# Looking for a specialized Headlamp : Bowfishing



## cdh4088 (Jun 25, 2016)

I joined the forum hoping to find some advice on my next headlamp purchase.
I am bowfishing from a kayak, so my lighting options are basically limited to what I can mount on my head.
To cut through the murky water it must be as throwy and focused as possible, replaceable batteries are also a must have, of any type. Price is not a factor
So far I have been using a Coast HL8, the lens focus crams all the light it can throw into a 3 ft. diameter spot, at 360 lumens. Its been a great light for the $40 price tag, but I really need more ability to pierce muddy water.
I had considered skipping headlamps altogether and buying a powerful mid-sized flashlight to mount to a hat or helmet.
Any advice would be appreciated






I had some 12v lights mounted to the kayak but found that they illuminate the boat far too much and scare the fish away


----------



## Tre_Asay (Jun 25, 2016)

maybe a Zebralight H600 Mk III, 1300 lumens for ~ 2 hours and you can bring spares.


----------



## davidt1 (Jun 25, 2016)

Welcome to the forum. Love your fishing rig. I think a jockstrap headband and a smallish throw light would work well. The Nitecore MH20GT comes to mind. Olight also makes some nice throwers. I have one of their M2x Javelot light that throws over 2,600ft like a spaceship saber light. Mount these suckers on your boat and any fish caught in the beam and will be stunned. LOL.


----------



## cdh4088 (Jun 26, 2016)

That M2x Javelot looks amazing for its small size! I bet I could rig it to the side of a hat, its probably too heavy for a regular headband. is there a runtime difference between using two cr123 vs a good quality 18650? Also, does it get hot during extended use?


----------



## parametrek (Jun 26, 2016)

The HL8 is one of the throwier headlamps you can get. There are a few that have tighter beams, but greatly reduced lumens. The only one I know of that is equally bright with a tighter beam is the Led Lenser H14.2. Like your HL8 it is focusable. Runs on 4xAA and costs $90.

If you want a really tight beam with no spill and don't care about lumens, take a look at the Pelican HeadsUp 2680. This model uses Pelican's fancy reflector setup designed for diving flashlights. 4xAA, non-focusable and $65.


----------



## davidt1 (Jun 26, 2016)

cdh4088 said:


> That M2x Javelot looks amazing for its small size! I bet I could rig it to the side of a hat, its probably too heavy for a regular headband. is there a runtime difference between using two cr123 vs a good quality 18650? Also, does it get hot during extended use?

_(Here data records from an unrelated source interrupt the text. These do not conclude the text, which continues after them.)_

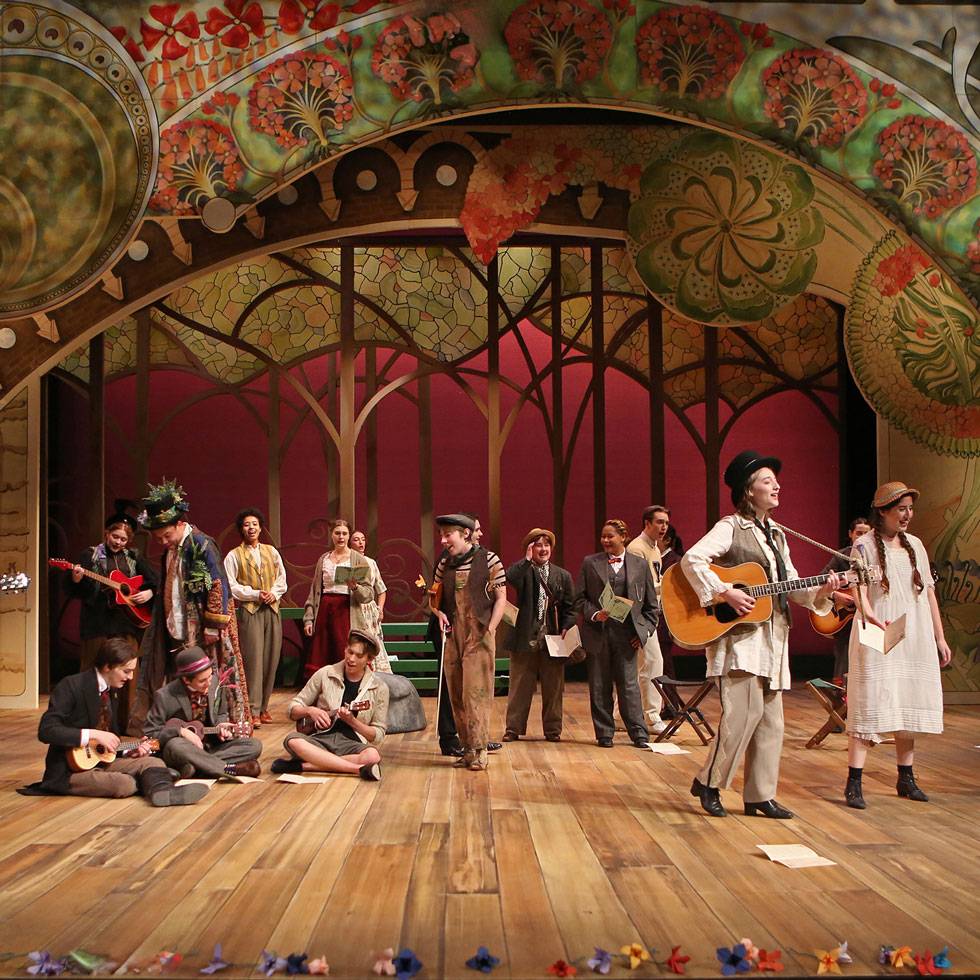 A large group of students perform on stage to 'As you like it'. Some hold instruments, some are sitting on the ground, while others are standing. All are singing with an intricate set design in the background.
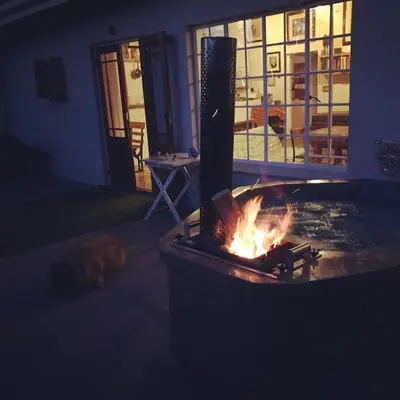 a fireplace in a living room with a dog laying next to it at McBains in Breerivier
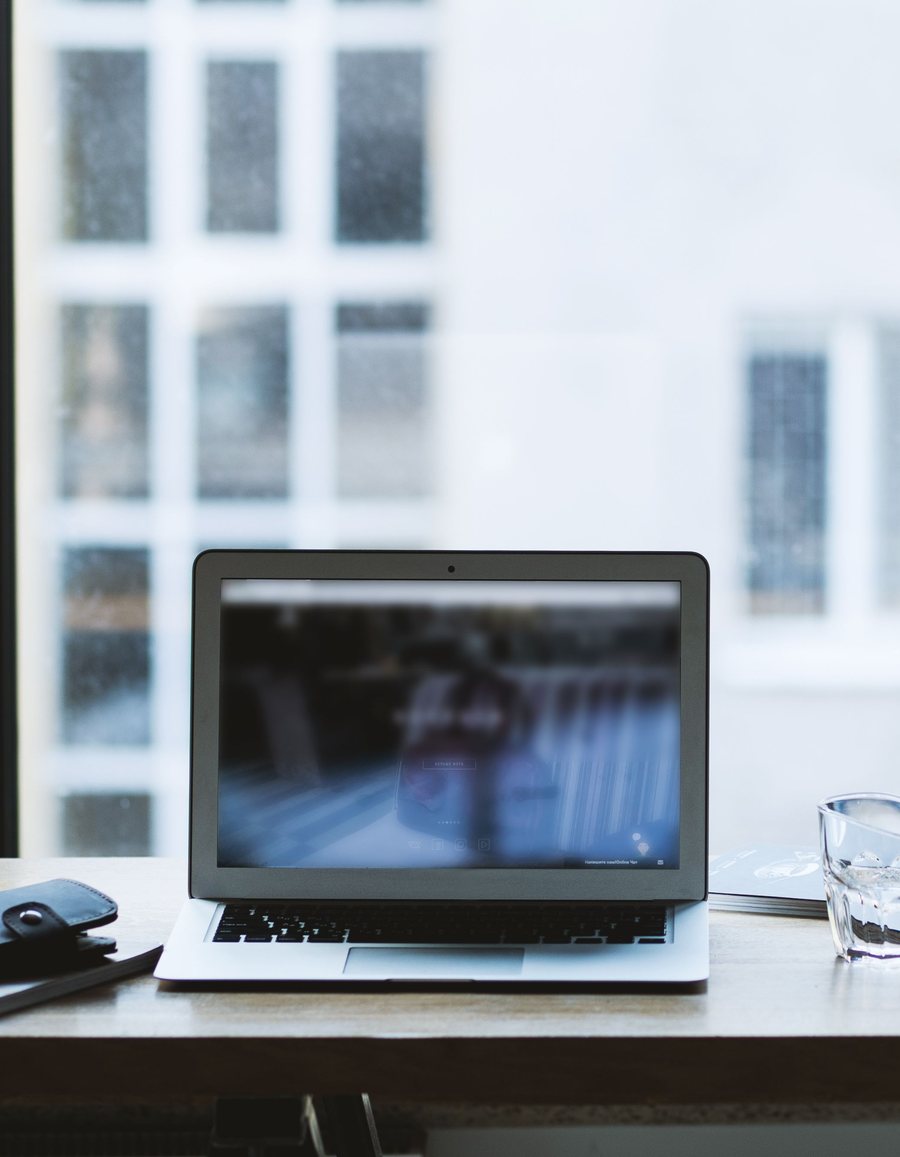 A creator's desk with a laptop, camera, and coffee — the kind of workspace Lauxon apps are built for.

I have only used the light for short periods at a time, so I don't know how hot it gets during extended use. A reviewer I trust DB Custom said it gets very warm but not hot. I have never used CR123 batteries, so I don't have an answer. The M2X-UT is a popular light and has many reviews, which might have the answer to your questions.


----------



## cdh4088 (Jun 26, 2016)

My HL8 is an older model, it was originally 300-some lumens, the new ones are rated at twice that, even though they look the same. Mine has held up well for several years. Now there is the HL8R, which has an 800 lumens output using 18650 batteries.
Lenser now has the XEO 19R, which has dual independent focusing beams, but the high output is only a burst mode, and the $350 msrp does make me cringe a bit.

I might buy an M2X with extension tube and play around with it a bit, but its so bright up close I wonder if its like staring at a welding arc all night. It also has a warmer hue than most, which in my case, warmer is better. Murky water does best with a warmer color.


----------



## GeoBruin (Jun 29, 2016)

If price really isn't a concern, Google Spike Lights. They're made by a forum member here and are the throwiest headlamp available.


----------



## cdh4088 (Jun 30, 2016)

GeoBruin said:


> If price really isn't a concern, Google Spike Lights. They're made by a forum member here and are the throwiest headlamp available.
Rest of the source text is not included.